The increased burden on taxpayers is what led officials at the Colonie-Maplewood Common School District to discuss annexation with North Colonie. After years of passing double-digit tax increases, officials and taxpayers have agreed to bring the annexation before taxpayers in upcoming school budget votes.
It's hard work to keep North Colonie's gears greased and maintaining a steady output of high-scoring regent graduates, said Ehrenberg.
School officials argue that coming down hard on administrators and boards of education of underperforming schools, as Spitzer proposes, is a threat that doesn't serve the best interest of both standard and charter schools.
South Colonie officials said Spitzer raises good questions, but his language may prove to be a little harsh and subsequently undermine the community control of some school districts.
"Some of what is being proposed is taking away the local control of districts," said South Colonie School Board president James Ryan. "I don't think that is the way to go."

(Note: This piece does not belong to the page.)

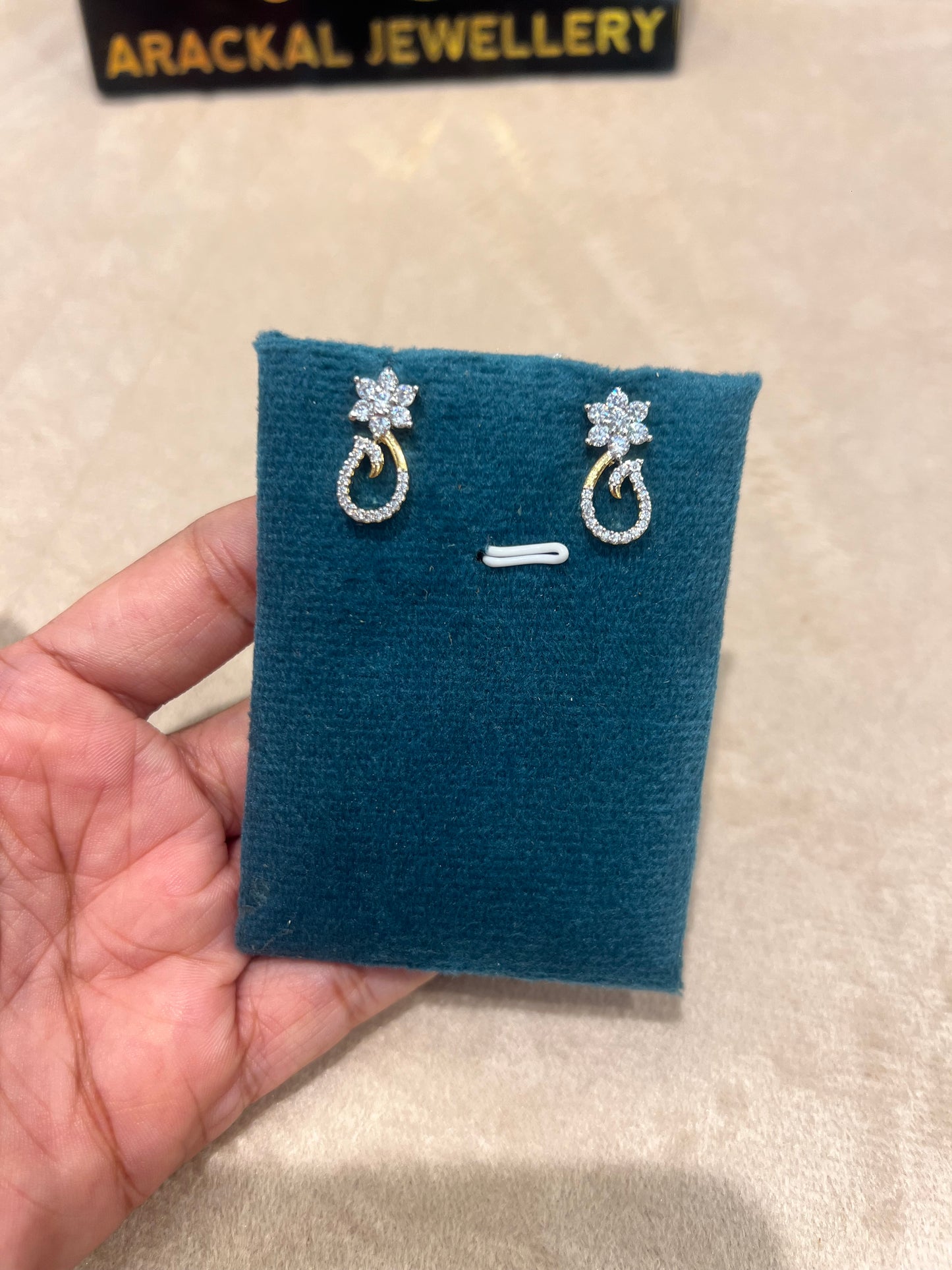 Premium diamond finish earings product code E199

South Colonie is in the second year of concerted efforts to raise its standing after it was identified by the state Department of Education as being in need of academic improvement in secondary English. Although they have brought the scores up, they have to remain on the list for another year, which is why they were included among five other schools in Albany County that are not in good standing in the 2006-07 School Accountability Status report released several weeks ago.
Talk of coming down on school administrators and board members for continually not meeting the mark doesn't help, said Ryan. The board and the district's administration already hold themselves accountable for failing performance. After being identified two years ago by the state as underperforming, they immediately put a plan in action to address the problem area, said Ryan, and it was done without additional funds or strings attached. Schools don't need another level of government or bureaucracy to work through, he said.